I have been swimming in a sea of masks. Within these currents I splash for the surface. As I wade to the shallows, all I see are sharks. I need to dive below the surface, below the currents. The deeper I go, the sooner I can let go of the bitterness that is masking me. These depths can not be explored on their own. The sea of masks, like a school of surface feeders, only allow for the occasional break to the depths of the uncharted bed. The adventure, the "giving in" to what is, what isn't and what it could be... how excitingly marvelous, and yet we float back to the surface...some never leave the surface. What fear we must have to bring our masks with us everywhere we go? I fear that my heart will explode if I don't take off my mask, take down the shark, and begin sharing in the positive growth of life with my fellow fish.
If I bottle up the genuine love I have for this world, for people....the patience, the unwavering patience that so few understand and many state "can't possibly exist"...especially within me...it will leave me in the shallow end of the surface feeders...it will turn me into a shark.
I need to dive...I need to see who's down there...
It's the judgement and the anger toward the mask's speaking out their judgement that turns me into a shark! It's the mask that can sometimes be stapled to one's face, and for some...super glued...This is what brings me back to the surface. These sharks are everywhere!
Dreadfully, it's hard not to become one sometimes.
The choices, the internal battles, the untimely slip ups, the fear of taking off the mask.
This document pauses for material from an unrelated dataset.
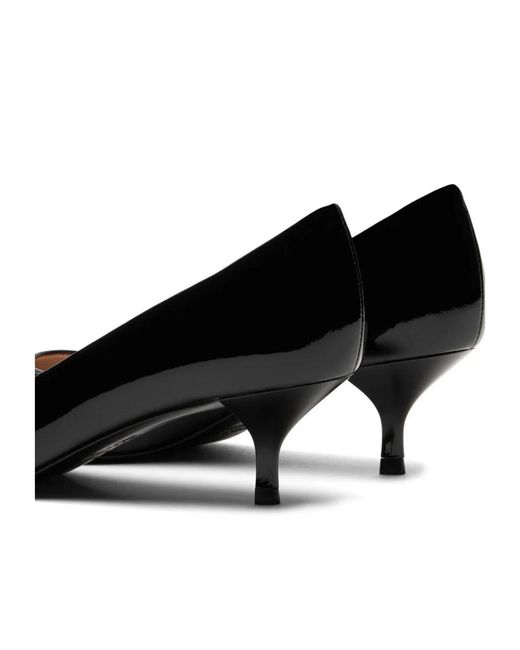 Stuart Weitzman Black Stuart Power Pump 50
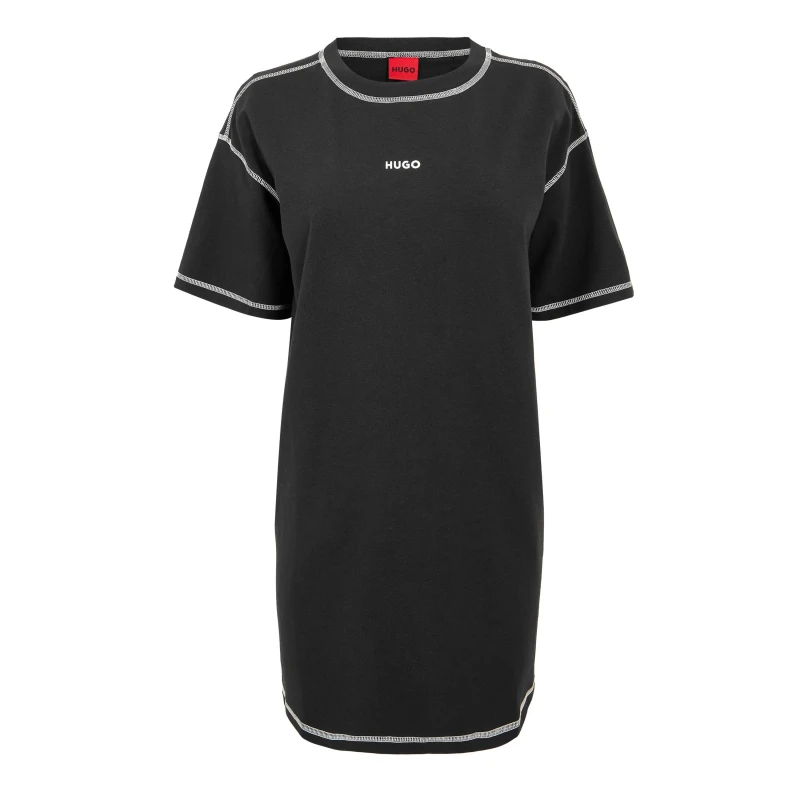 Image of Hugo Nite Nighty 10272272 01 Pyjama Set Womens Black female 8 (S)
Manipulated in the fear of being an outsider...
Well I'm feeling like diving as deeply as I can, and if that means the sharks don't like me anymore, that the surface feeders don't get me, then so be it.
My worth is only found in the depths of what my heart offers, and those depths have no room for masks.
How can I get them to dive? How can I get the humbled friendship, the honest love, the unwavering equalization that should exist within every relationship, when our masks are on? How can I give in to the love for my world when all it wants to do is break me down...then my mask goes on, and a negative strength clouds the air.
Who am I? What defines me?
Love is what motivates me. The love of friends, the love of family, the love of a great meal, a fantastic song, a giant blue sky, a spectrum of colour, a plectrum on a guitar string, words, conversation, connection, creativity, it's all built on patience, acceptance and love. Who I am, is not what I do, or what I make. That's just a mask that I feel forced to wear everyday.
The mask needs to come off. The projection of what the mask needs has to be left behind. The simple reality of my worth is that it exists in a place where I accept, and acceptance is what it should be....then it becomes easier, life becomes more genuine. I can move beyond the masking of what one needs to project on others to feel safe, and see life through a clearer scope.
As the mask comes off, trust and love become easy, and friendships grow exponentially. As I share in the laughter and the joy, my worth is realized, and I am closer to a life that has value, and wealth beyond that of the masked sharks who swim in the shallow part of the sea...
I want out of this sea of masks! The first step is to lose the mask altogether... Good Bye... If it were only that easy...
How we try to impress even the ones who don't deserve it! The ones who make it an impossible goal set upon reaching the most shallow point, until we're suffocating on land!